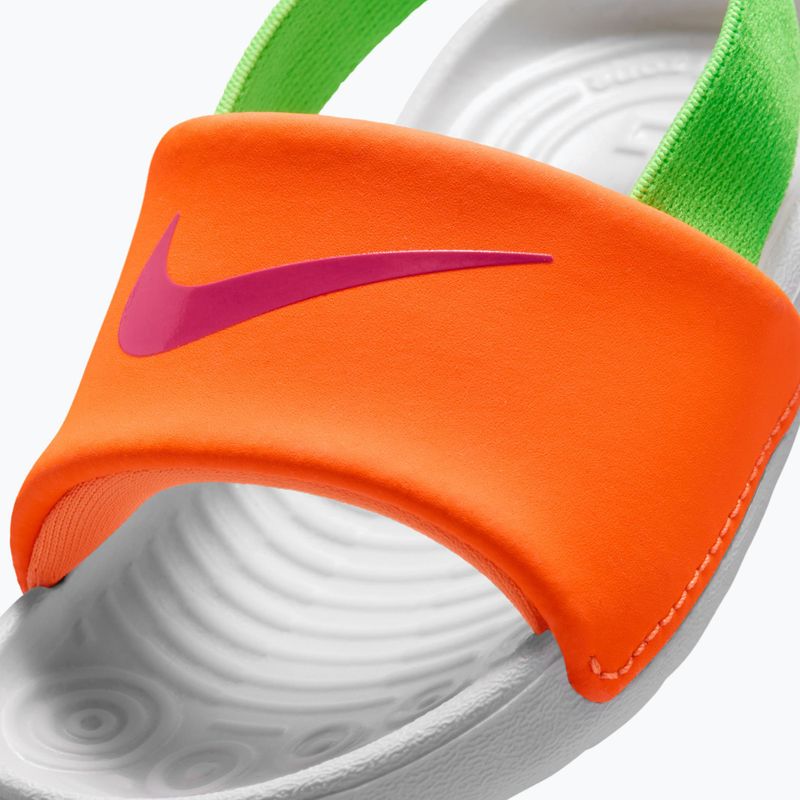 Дитячі шльопанці Nike Kawa total orange/green strike 7
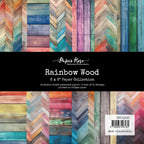 Paper Rose Rainbow Wood 6x6 Paper 31040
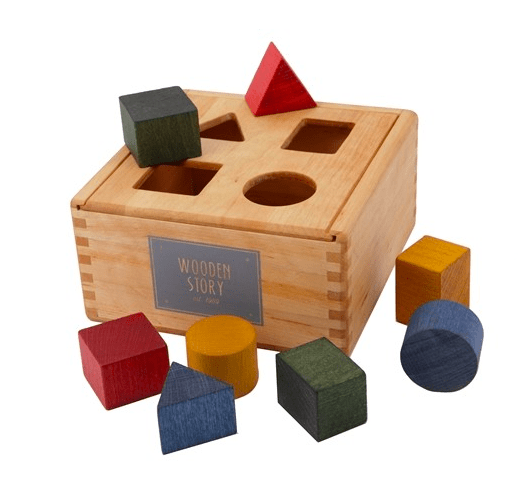 Wooden Story 12 Mths Plus Rainbow Shape Sorter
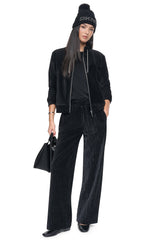 METALLIC VELVET PULL ON SWEATER PANT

- **To do**
Repeat the data word for word. Images are not part of the copy.

- **Solution to this exercise**
 Дитячі шльопанці Nike Kawa total orange/green strike 7
 Paper Rose Rainbow Wood 6x6 Paper 31040
 Wooden Story 12 Mths Plus Rainbow Shape Sorter
 METALLIC VELVET PULL ON SWEATER PANT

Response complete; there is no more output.